Kütüb-ü Erbea’nın üçüncü ve dördüncü eserleri ise Ebu Ca’fer et-Tûsi’ye (ö.460/1067) aittir. Bu eserlerden birincisi Tehzibu’l-Ahkâm, ikincisi ise el-İstibsâr ismini taşımaktadır. Bir fıkıh kitabı olan Muknia’nın şerhi niteliğinde olan eserde 13.590 hadis yer almaktadır. Tehzib’in muhtasarı formunda olan İstibsar ise 5.511 hadisten oluşmaktadır.
Tefsir alanında Şia’nın temel kaynakları üzerine çalışma yapan Dr. Aslan Habibov’a göre Şii tefsir tarihi birbirini takip eden iki dirayet ve rivayet döneminden oluşmaktadır. Birinci dirayet dönemi (I-IV. asır), birinci dirayet dönemi (IV-XI. asır), ikinci rivayet dönemi (XI-XIII. asır) ve ikinci dirayet dönemi (XIV-XV. asır) şeklinde olduğunu belirtir.
Bu dönemlere ve önemli eserlere geçmeden hemen önce sahabe döneminde ilk tefsir faaliyetleri hakkında şiî bakış açısı kabaca şu şekildedir; Şia’ya göre ilk tefsir sahibi müfessir, Said b. Cübeyr’dir. Ancak eseri bize ulaşmamıştır. Ayrıca sahabe içerisinde İbn Abbas, İbn Mes’ud, Ubeyy b. Kab, Cabir b. Abdullah, Ebu’l Esved ed-Düeli gibi önemli isimleri sahiplenirler. Kendi kaynaklarında bu isimler ilk şiî müfessirler olarak tanıtılmaktadır. Şia’ya göre ilk şiî tefsir birinci yüzyılda yazılmıştır.
Habibov, şiî dünyada tefsir faaliyetlerinin tıpkı Sünnilerde olduğu gibi rivayet tefsiri olarak başladığını ve rivayet tefsirinde kaynak olarak da Kuran’ın kendisi, Hz.

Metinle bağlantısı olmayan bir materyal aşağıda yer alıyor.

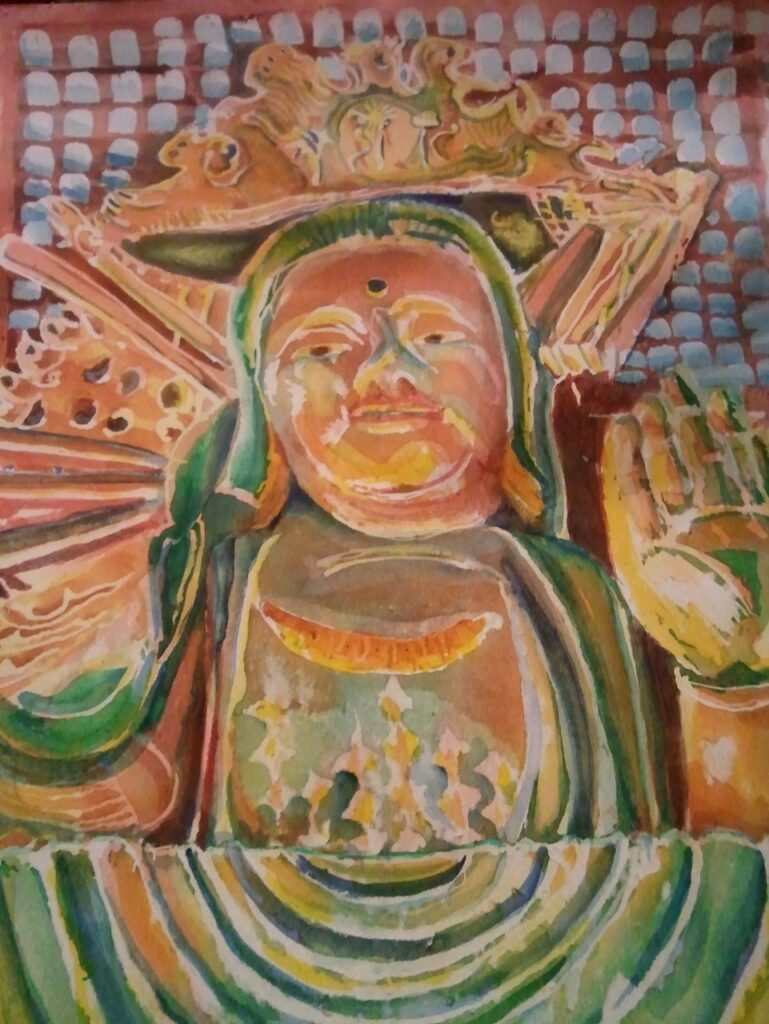 Golden Buddha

Peygamber ve Ehl-i Beyt imamlarının kaynak olduğunu söylemektedir. Hz. Peygamber’in vefatından sonra insanlar kuran ile ilgili bilgilerini imamlara sorarak karşılama yoluna gitmişlerdir. Bir nas mesabesinde olan imamların açıklamaları ise zamanla rivayet tefsirlerinin en önemli kaynağı haline gelivermiştir.
İlk dirayet dönemi olarak isimlendirdiği dönemde yazılan ilk eser Cabir el-Cûfi’ye (ö.127/745) aittir. Ancak Cûfi’nin eseri günümüze ulaşmamıştır. Dördüncü yüzyılda kaleme alınan önemli çalışmalar olmuştur. Bunlarda en önemlileri Kummî (ö.329/941) ve Ayyaşî’nin (ö.320/932) eserleridir. Habibov, ilk dönemde kaleme alınmış tefsirlerden 5 tanesinin günümüze kadar varlığını sürdürebildiğini söylemektedir. Bunlar; İmam Ca’fer es-Sâdık, İmam Hasan el-Askerî, Furât b. İbrahim b. Furât el-Kûfî, Muhammed b. Mesûd el-Ayyâşî ve Ali b. İbrahim b. Haşim el-Kummî’ye nisbet edilen tefsirlerdir. Ancak bu eserlerin her biri ile de ilgili bir takım kusurlar bulunmaktadır. Bu döneme dair en önemli olay dört hadis kitabından ilk ikisinin yazımının tamamlanmış olmasıdır ki bu eserler, rivayet tefsirleri için bir kaynak özelliği taşımaktadır.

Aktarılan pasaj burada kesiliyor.